Image-text web data:
»»

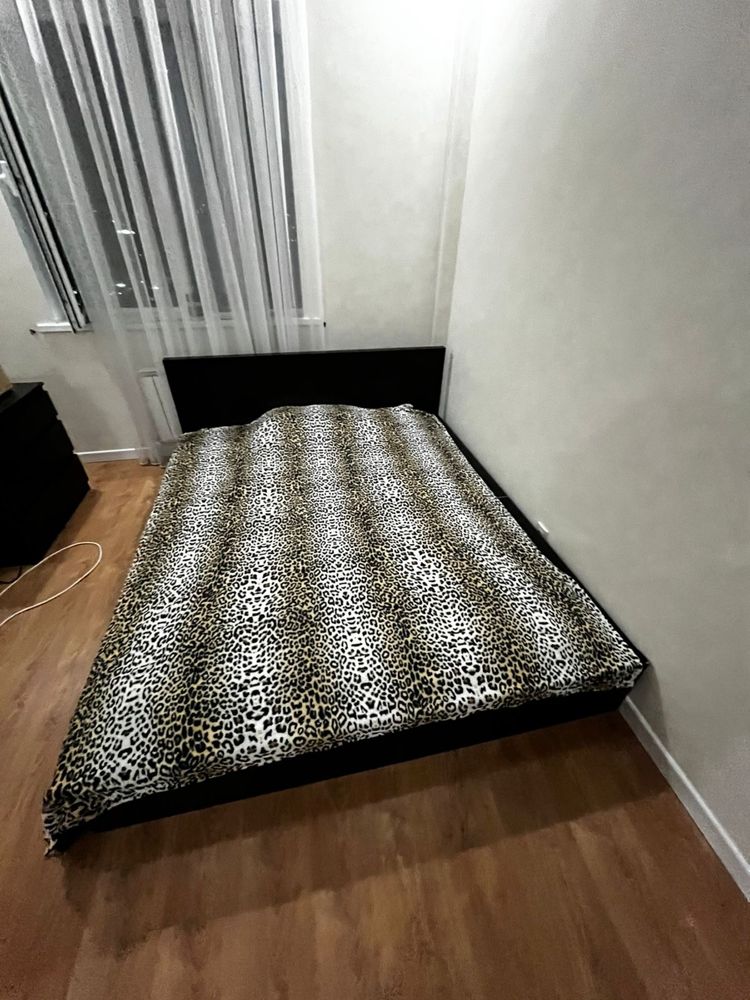 Продам спальный гарнитур.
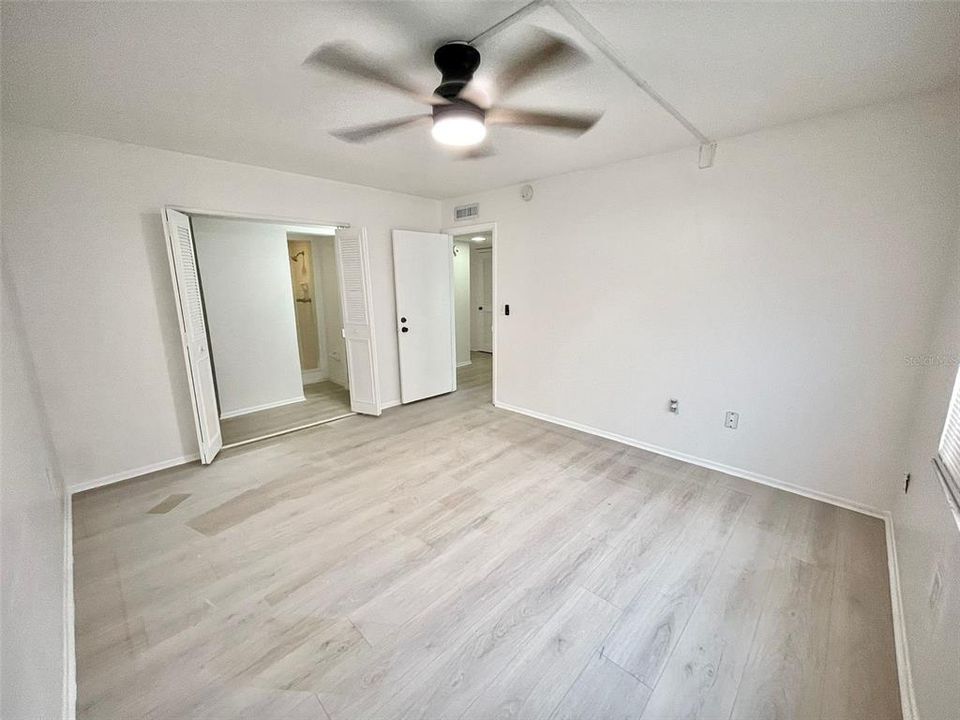 For Sale: $185,000 (2 beds, 2 baths, 1040 Square Feet)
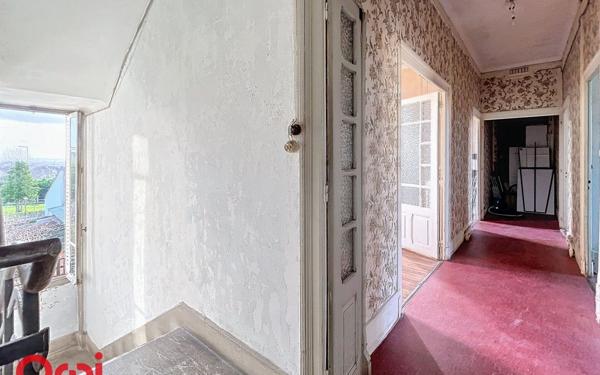 Maison à vendre    6 pièces •  Montmarault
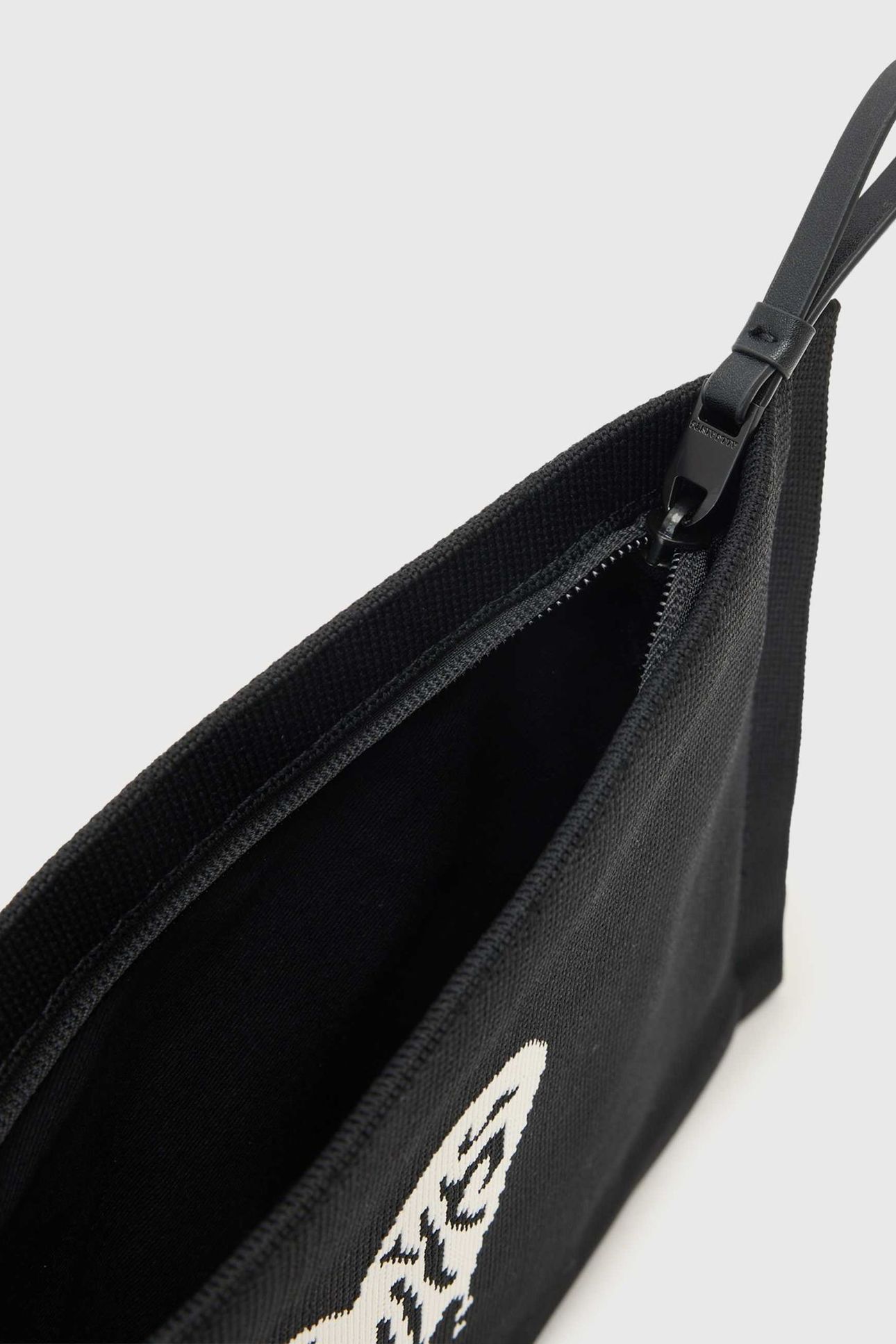 IZZY HEART CLUTCH BLACK 6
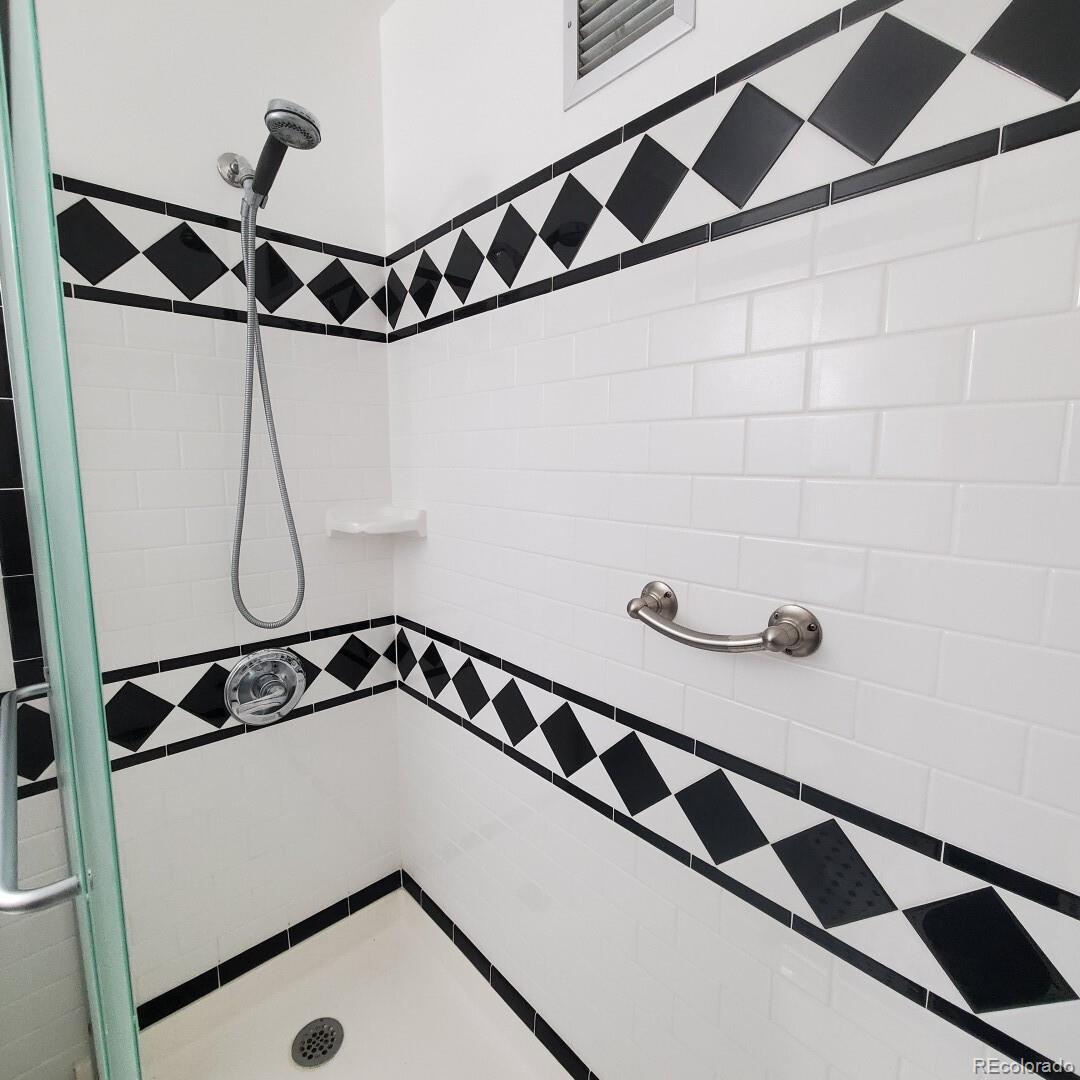 MLS Image #19 for 725 s clinton street 11a,denver, Colorado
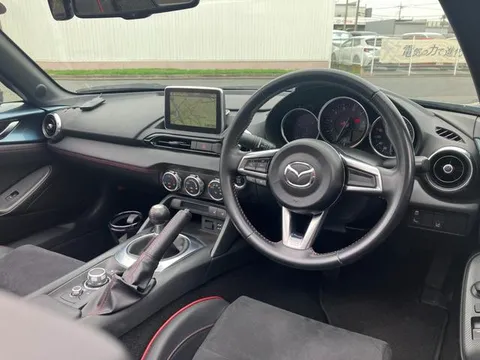 Mazda MX-5 (Roadster)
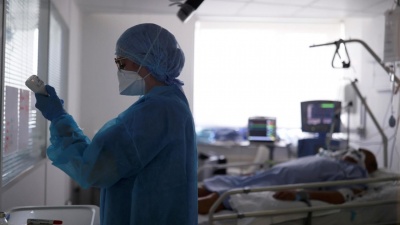 Реанімації чотирьох лікарень на Буковині переповнені ковід-хворими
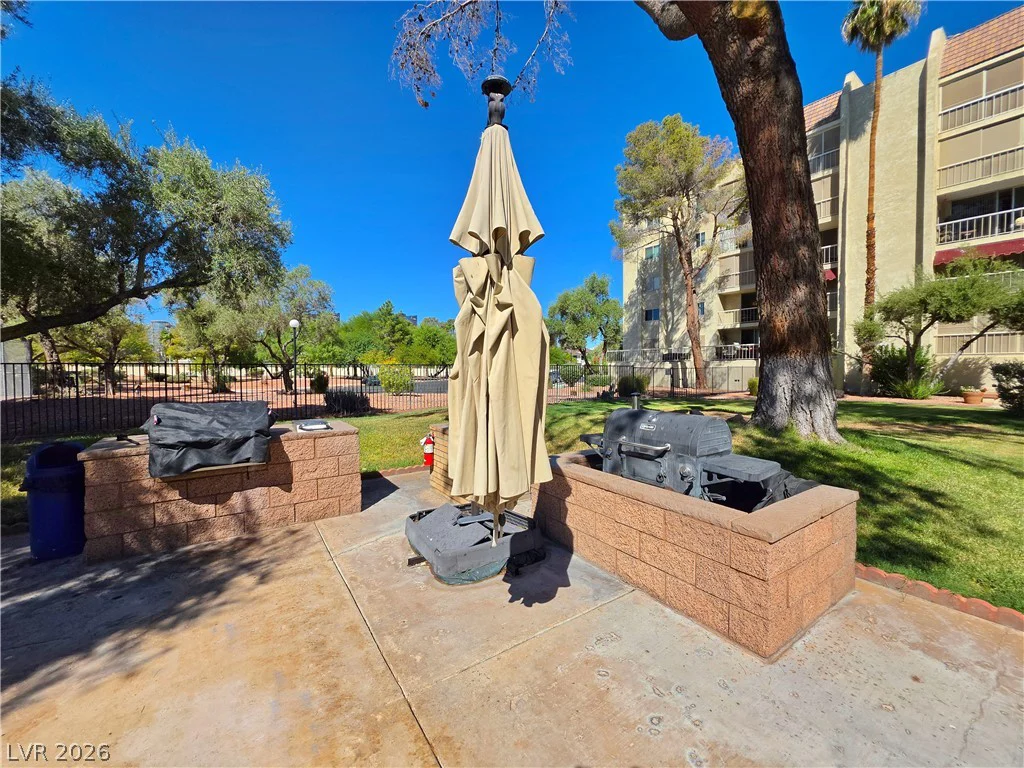 745 Royal Crest, Las Vegas, NV 89169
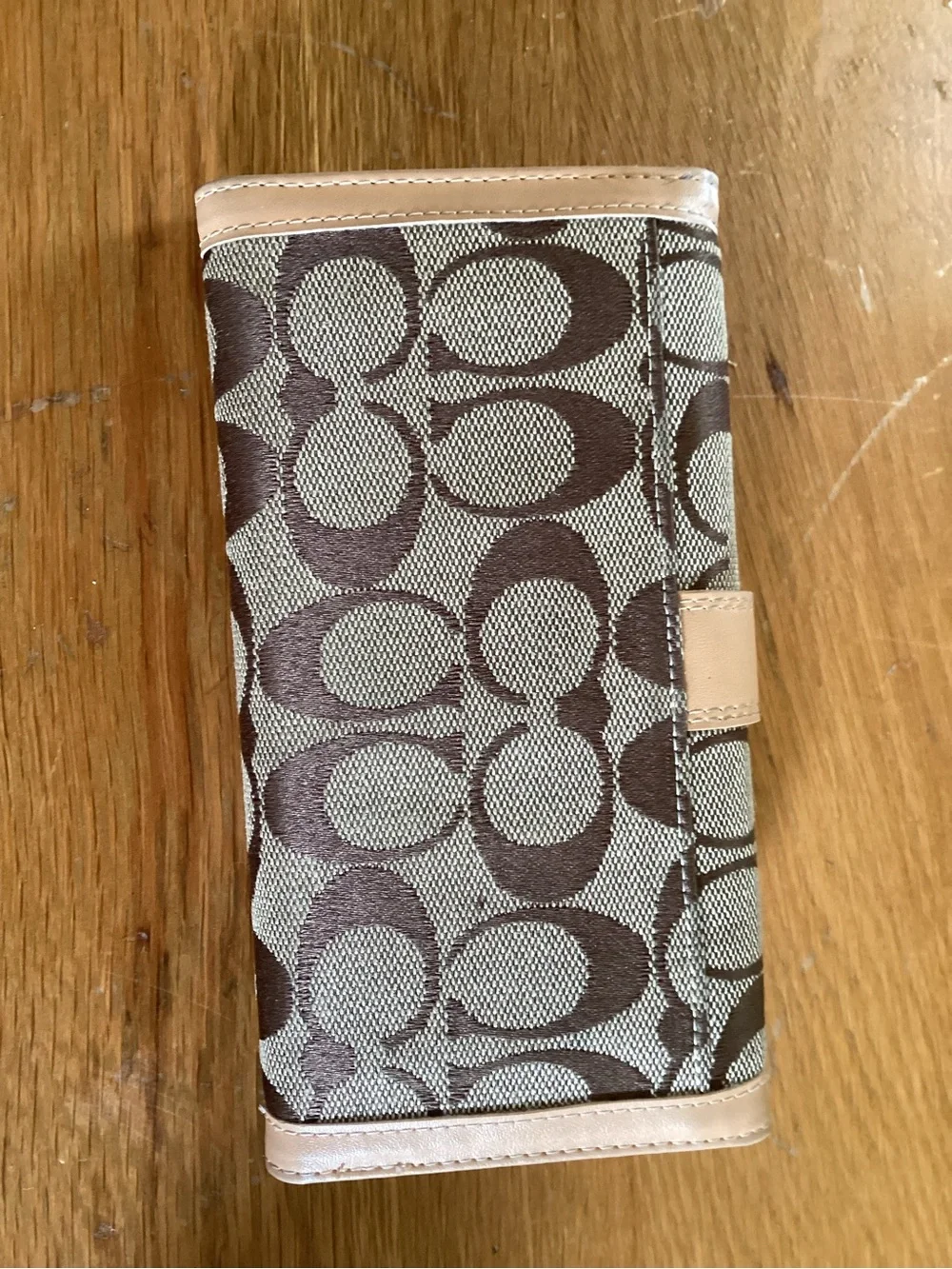Coach Signature Canvas wallet. Like new.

««

All lines from the line with "For Sale: $185,000" through the final line of the data, both included, are to be repeated exactly; no other lines and no pictures.

__RESULT__
 For Sale: $185,000 (2 beds, 2 baths, 1040 Square Feet)
 Maison à vendre    6 pièces •  Montmarault
 IZZY HEART CLUTCH BLACK 6
 MLS Image #19 for 725 s clinton street 11a,denver, Colorado
 Mazda MX-5 (Roadster)
 Реанімації чотирьох лікарень на Буковині переповнені ковід-хворими
 745 Royal Crest, Las Vegas, NV 89169
Coach Signature Canvas wallet. Like new.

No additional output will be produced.